For the foregoing reasons, this Court concludes that Plaintiff has satisfied the elements of adverse possession with regards to the Property. The Court further finds that the Plaintiff has satisfied the elements of a prescriptive easement for a right of way extending from Nauset Road to the Property, the location of which is reflected in the attached Decision Sketch and is accurately described by Defendants’ land survey plan (Ex. 11). On all the evidence, I find and rule that Plaintiff has proven both adverse possession of the Property and the right to a prescriptive easement over the Defendants land, as shown on Exhibit #11 and on the Decision Sketch attached hereto. I allow registration of the Property, subject to such matters as may appear in the record and which are not at issue in this case.

Judgment to issue accordingly.

Charles W. Trombly, Jr.


Dated: August 18, 2010


[Note 1] Nauset Road, LLC was later substituted as Petitioner when title to the Property was transferred to that entity.

[Note 2] Petitioner had originally sought to register and confirm a second ten-foot wide right of way leading to the Property. At the time of trial, however, Substitute Petitioner Nauset Road pursued only its claim to a forty-foot wide right of way over the Chaves property.

[Note 3] The Commonwealth withdrew their Answer and Objections to Plaintiff’s action on October 21, 2008. The Town of Eastham withdrew their Answer and Objections to Plaintiffs action on March 18, 2009, while reserving the right to see the final decree of the Court.

[Note 4] [No footnote in original]

[Note 5] Unless otherwise indicated, all references to recorded deeds and plans refer to instruments recorded at the Barnstable Registry of Deeds.

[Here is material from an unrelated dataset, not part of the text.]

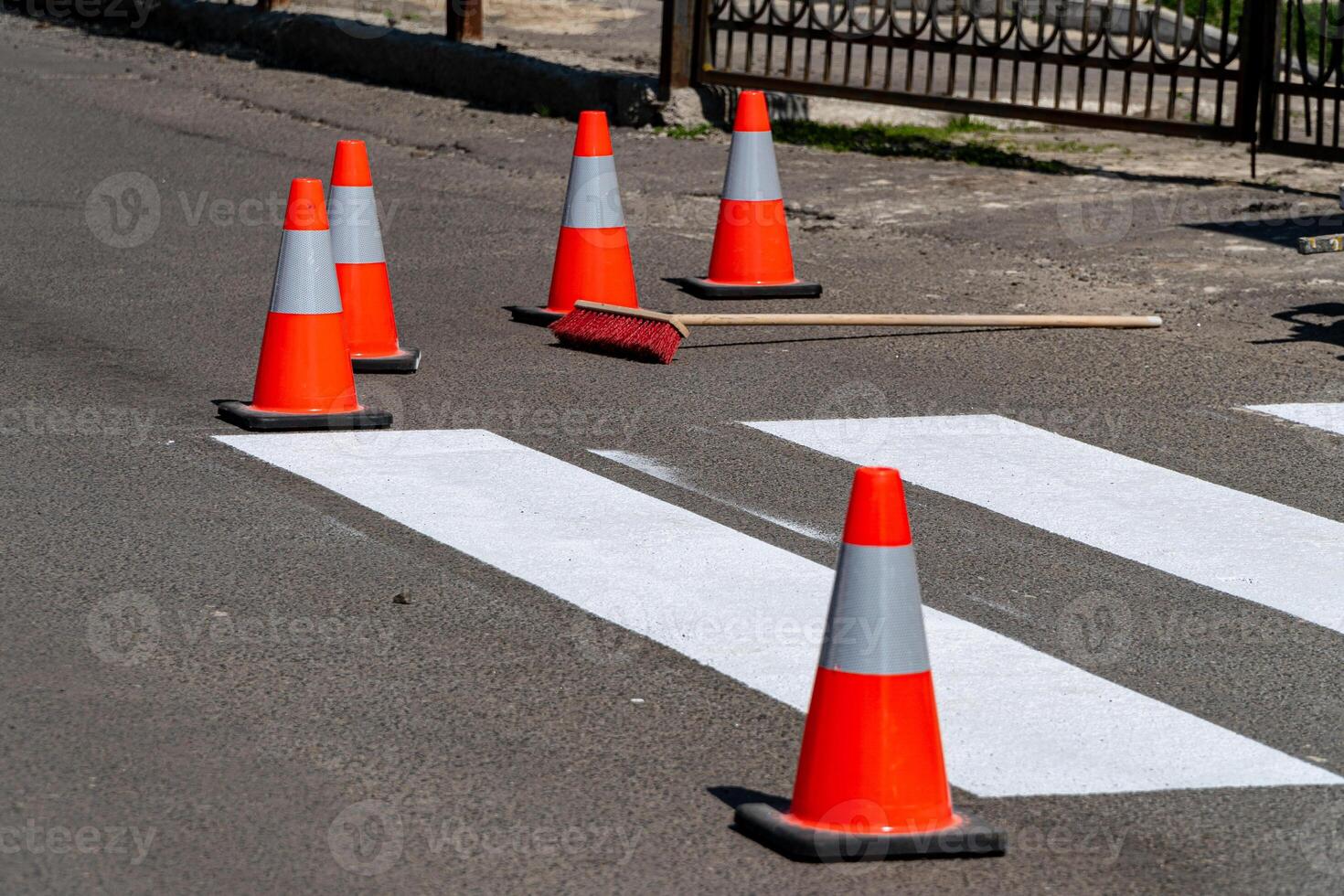 Traffic cones surround a freshly painted pedestrian crossing in a busy urban street during daytime, ensuring safety during repainting photo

[Note 6] Only the main access road, or the alleged forty-foot easement, is at issue. Plaintiff does not claim rights to any other right of way over Defendants’ property.

[Note 7] This Court prescribes to the vernacular used by the Plaintiff at trial in delineating the difference between these two areas because it is instructive as to how the uses of different areas of the right of way differ.

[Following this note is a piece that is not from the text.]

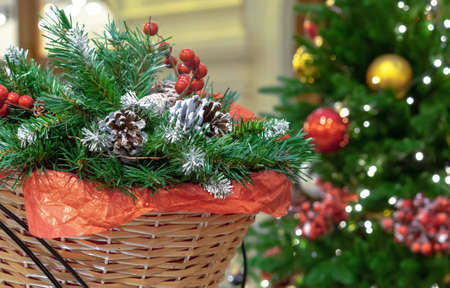 Christmas composition with pine cones, Christmas tree branches and red berries in a wicker basket.の写真素材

[Note 8] Trial Transcript, Testimony of Dennis D. Murphy at 116. Mr. Murphy makes vague mention of other vehicles whose bodies take up more space, but only mentions one vehicle—a bulldozer with a twenty-foot-wide blade—that requires more room. Mr. Murphy testifies that this bulldozer was first purchased in 2006, and therefore the Court disregards his testimony as to the effect on the traveled way by that piece of equipment.

[Note 9] Trial Transcript, Testimony of Dennis D. Murphy at 127.